Le contexte est particulier. Un mois après le coup d’État du 18 août qui a renversé l’ex-président IBK, et au lendemain de la désignation de l’Ex-ministre de la défense Bah N’Daw, officier à la retraite et ancien ministre de la Défense, au poste de président de la transition, la nation de Soundiata Keita n’arborait pas le sourire. Le Mali se cherche et cherche son opposant, Soumaila Cissé, retenu en otage depuis 6 mois. Amputé de son Nord, gangrené dans son centre, le pays réel se réduit comme peau de chagrin en un pays légal qui épouse les contours de Bamako et, par extension, du Mali fertile par opposition au Mali des Ifoghas. Entre le souvenir de l’indépendance et le rappel de l’accord d’Alger, les descendants du mythique et improbable Bubakari II, découvreur de l’Amérique avant Christophe Colomb, cherchent à négocier un chemin de la transition entre les dunes et les militaires.

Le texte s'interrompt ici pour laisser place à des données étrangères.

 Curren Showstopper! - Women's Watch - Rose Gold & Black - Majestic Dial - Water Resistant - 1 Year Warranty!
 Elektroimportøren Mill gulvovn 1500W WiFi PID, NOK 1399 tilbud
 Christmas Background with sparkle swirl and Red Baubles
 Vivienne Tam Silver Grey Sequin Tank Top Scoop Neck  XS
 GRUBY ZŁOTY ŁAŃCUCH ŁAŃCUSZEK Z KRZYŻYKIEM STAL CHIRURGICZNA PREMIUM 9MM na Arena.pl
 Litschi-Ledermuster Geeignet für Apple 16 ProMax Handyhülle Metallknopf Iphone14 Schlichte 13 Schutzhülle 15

Les civils et leurs boubous bariolés ont suivi le colonel Assimi Goïta, chef de la junte qui a renversé l’ex-président IBK, présidant ces courtes célébrations qui ont duré moins d’une heure renvoyant maliennes et maliens aux dures réalités d’un quotidien sous la hantise de l’embargo de la CEDEAO. Le vice-président a appelé le peuple Malien d’aller vers la paix et la réconciliation, mais aussi à «l’union sacrée». Le président de la junte a appelé aussi ses compatriotes à soutenir les forces armées étrangères présentes au Mali dans la cadre de la lutte contre le terrorisme : «Nous demandons à la population malienne de soutenir les forces armées de défense et de sécurité. Et c’est l’occasion aussi, pour moi, de demander à la population de soutenir nos partenaires, avec la force Barkhane, la Minusma, la force G5, la force Takouba.», a-t- il affirmé, nous renvoyant à nos vieilles certitudes, à savoir qu’au pays du grand Modibo Kita, « la somme des forces militaires est nulle ».
Sur place, nous avons relevé une absence quasi-totale du nouveau président de la transition. Cette absence est remarquée et compréhensible. Puisque l’investiture de celui-ci est prévue ce vendredi. «Voilà pourquoi Bah N’Daw n’était pas présent au défié militaire organisé à Bamako pour ce soixantenaire de l’indépendance», a témoigné, un membre du protocole coupant court aux rumeurs qui se propagent vite dans l’air sec du Sahel. Par contre «On a noté en revanche la présence, en tenue militaire, du général Amadou Sanogo, auteur du putsch qui avait renversé Amadou Toumani Touré en 2012. Détenu pendant plus de six ans pour l’assassinat présumé de soldats anti-putschistes, il était resté très discret depuis sa libération provisoire en janvier dernier. C’est clair au Mali, entre manifestations civiles, sermon des imams et intrigues militaires, l’on n’est pas encore sorti de l’auberge ou, c’est selon, de sous la tente.